1 :: How does the formation of the enzyme-substrate complex explain the reduction of the activation energy of chemical reactions?

The enzyme possibly works as a test tube within which reagents meet to form products. With the facilitation of the meeting provided by enzymes it is easier for collisions between reagents to occur and thus the activation energy of the chemical reaction is reduced. This is one of the explanatory hypotheses.

2 :: What are the main theoretical models that try to explain the formation of the enzyme-substrate complex?

There are two main models that explain the formation of the enzyme-substrate complex the lock and key model and the induced fit model.

In the lock and key model, the enzyme has a region with specific spatial conformation for the binding of the substrate. In the induced fit model, the binding of the substrate induces a change in the spatial configuration of the enzyme for the substrate to fit.

Enzyme Activity: lock and key model induced fit model

3 :: What is meant by substrates of enzymatic reactions?

Substrates are reagent molecules upon which enzymes act.

The enzyme has spatial binding sites for the attachment of its substrate. These sites are called activation centers of the enzyme. Substrates bind to theses centers forming the enzyme-substrate complex.

Enzyme Activity: enzyme-substrate complex

4 :: What are enzymes? What is the importance of enzymes for the living beings?

Enzymes are proteins that are catalysts of chemical reactions. From Chemistry, it is known that catalysts are non-consumable substances that reduce the activation energy necessary for a chemical reaction to occur.

Enzymes are highly specific to the reactions they catalyze. They are of vital importance for life because most part of chemical reaction of the cells and tissues are catalyzed by enzymes. Without enzymatic action, those reactions would not occur or would not happen in the required speed for the biological processes in which they participate.

5 :: What amount of catalyst is consumed in the reaction it catalyzes?

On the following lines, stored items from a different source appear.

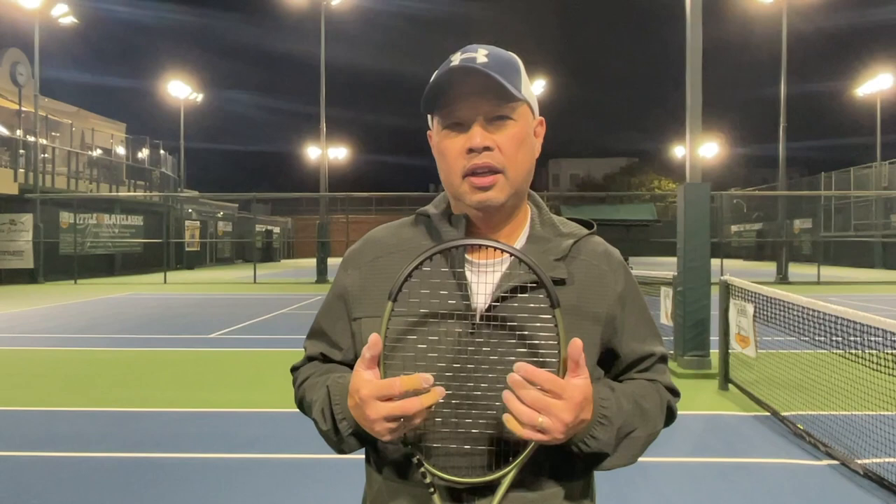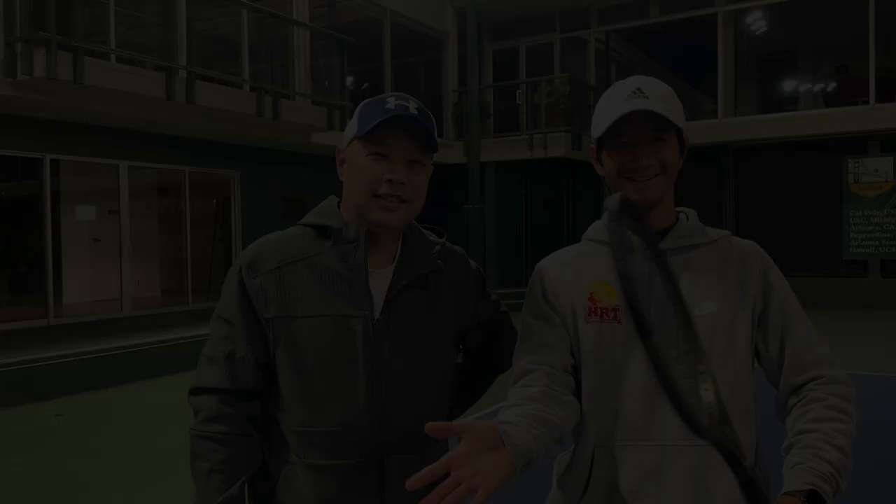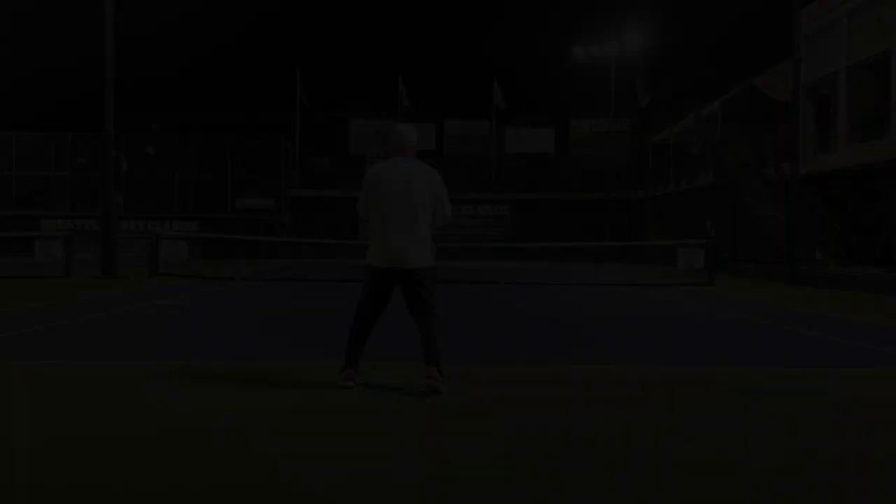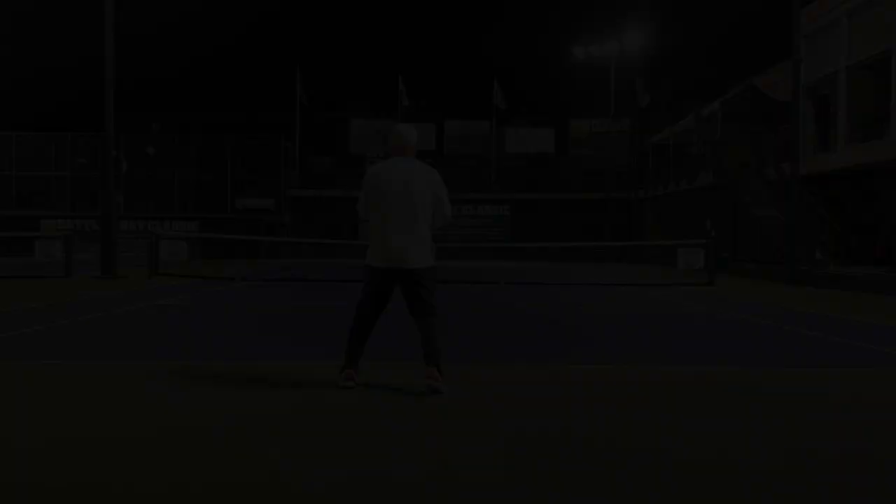Wanted to test this out for the little teenagers and possibly high performance women and high performance juniors out there, just to see how it is. So I got a high performance junior and a high performance women's coach to hit with me today. Let's go find Coach Chris. Blade 100 Lite — got my man Coach Chris. Let's go.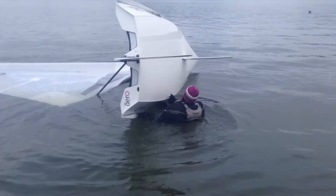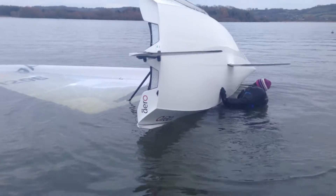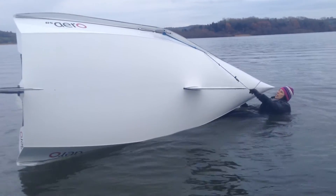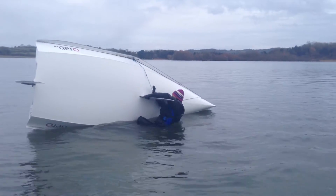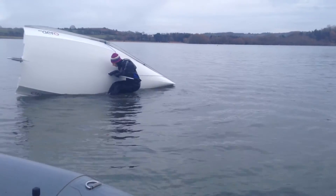Kathy's trying out her righting lines here — prototype righting lines for people with shorter arm reach. She grabs a righting line from the bow, takes it back to the centreboard. It's a knotted rope that comes down from the leads on the control lines.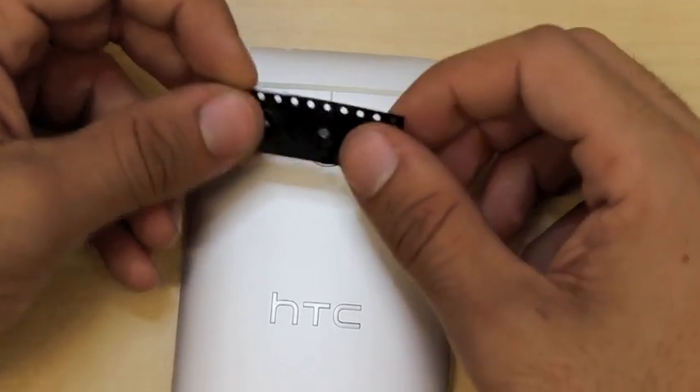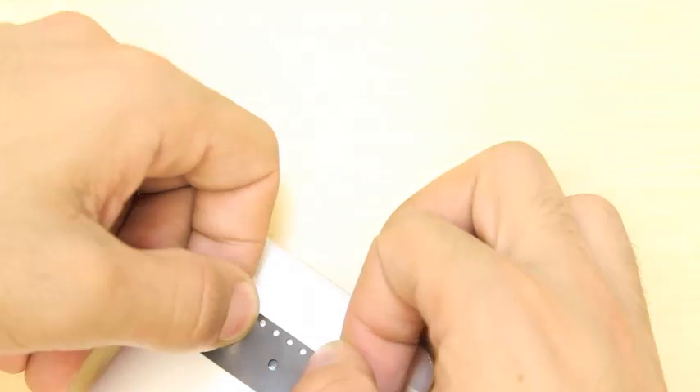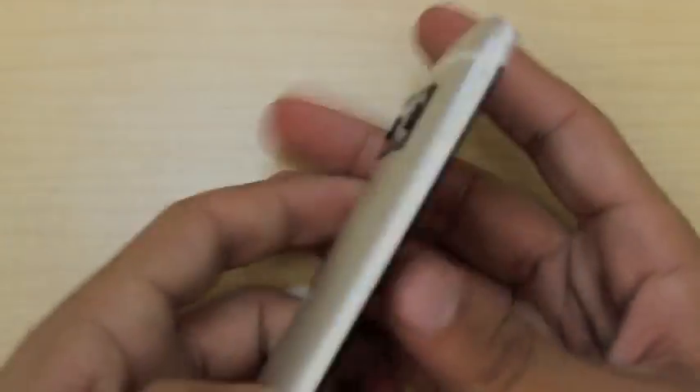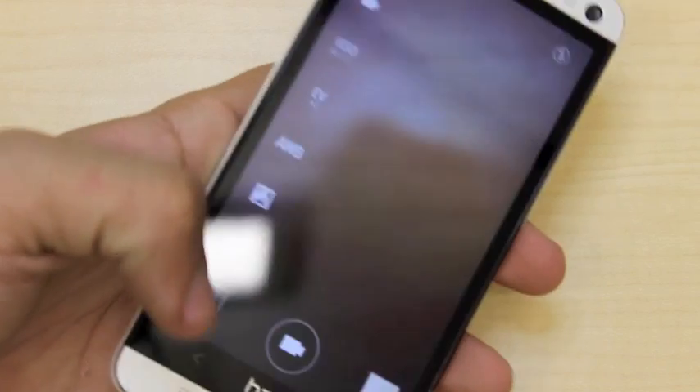Now you want to line it up so that the hole is perfectly centered with your camera. I'm going to peek at this to make sure I do a good job, and then firmly attach it. We can check to see if it's in the center by opening up our camera, and if we can see through the camera — which we can — then it means we did a good job and it isn't in the way.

Catalysts are not consumed in the reactions they catalyze.

6 :: What are catalysts?

Catalysts are substances that reduce the activation energy of a chemical reaction, facilitating it or making it energetically viable. The catalyst increases the speed of the chemical reaction.

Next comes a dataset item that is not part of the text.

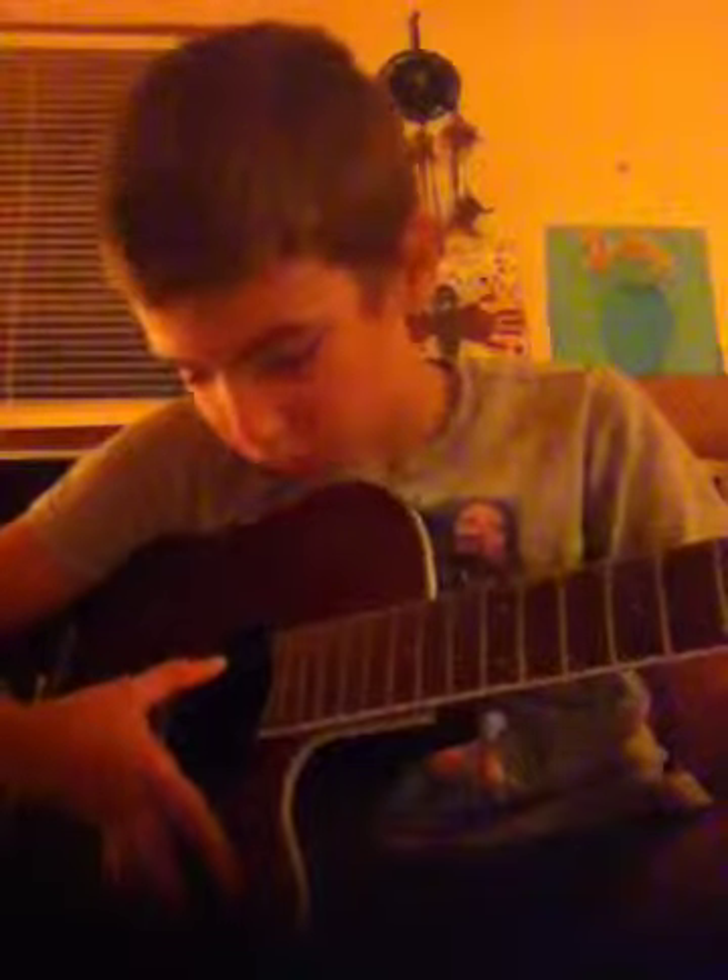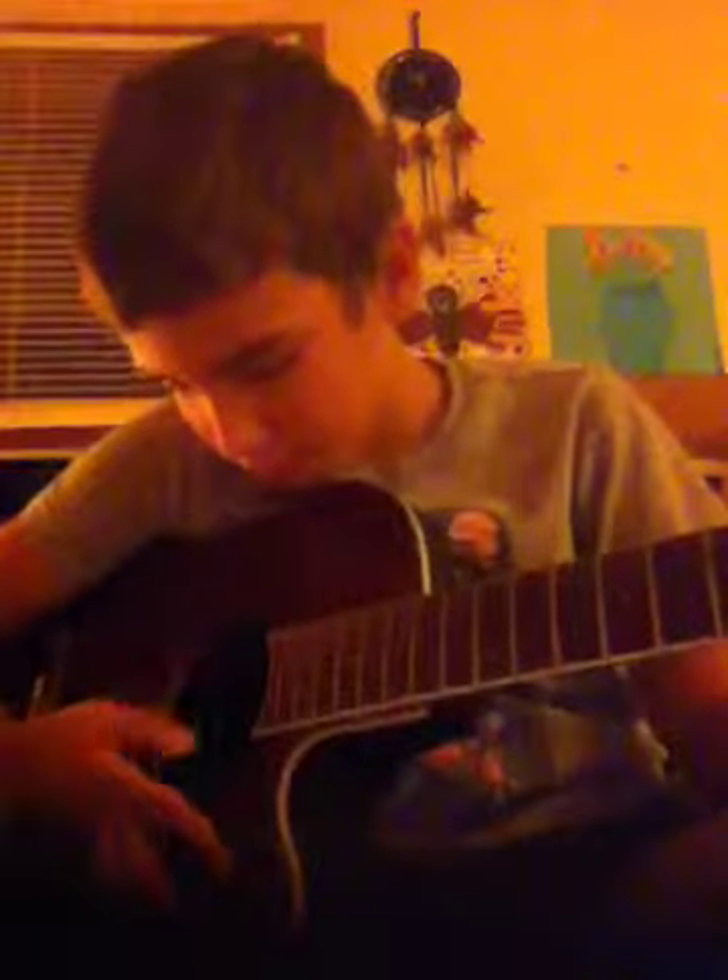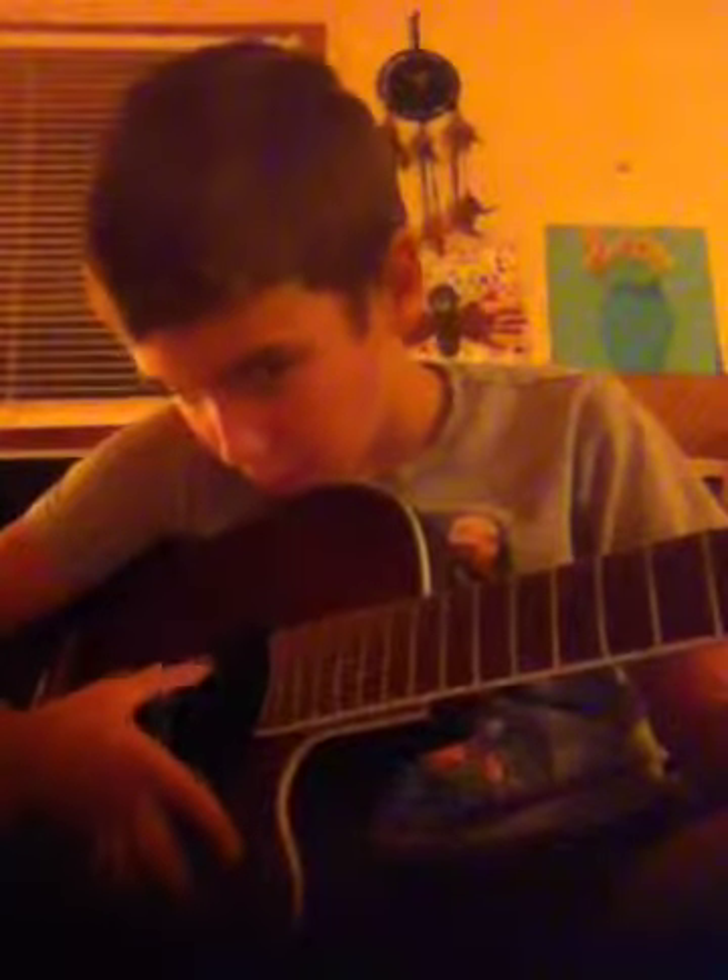I know how to play with three strings too. The only thing I need is a pick to help me do it, because I can't do it with bare fingers.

7 :: What are respectively some remarkable functions of myosin, CD4, albumin, keratin, immunoglobulin, reverse transcriptase, hemoglobin, and insulin?

Myosin is a protein that associated to actin produces the muscular contraction. CD4 is a membrane protein of some lymphocytes, the cells that are infected by HIV. Albumin is an energy storage protein and an important regulator of the blood osmolarity. Keratin is a protein with structural function present in the epidermis and skin appendages of vertebrates. Immunoglobulins are the antibodies, specific proteins that attack and inactivate strange agents that enter the body. Reverse transcriptase is the enzyme responsible for the transcription of RNA and formation of DNA in the life cycle of retroviruses. Hemoglobin is the protein that carries oxygen from the lungs to the cells. Insulin is a hormone secreted by the pancreas that participates in the metabolism of glucose.

8 :: What is the difference between essential and natural amino acids?

Essential amino acids are those that the organism is not able to synthesize and that need to be ingested by the individual. Natural amino acids are those that are produced by the organism.

There are living species that produce every amino acid they need, for example, the bacteria Escherichia coli that does not have essential amino acids. Other species, like humans, need to obtain essential amino acids from the diet. Among the twenty different known amino acids that form proteins, humans can make twelve of them and the remaining eight needs to be taken from the proteins they ingest with food.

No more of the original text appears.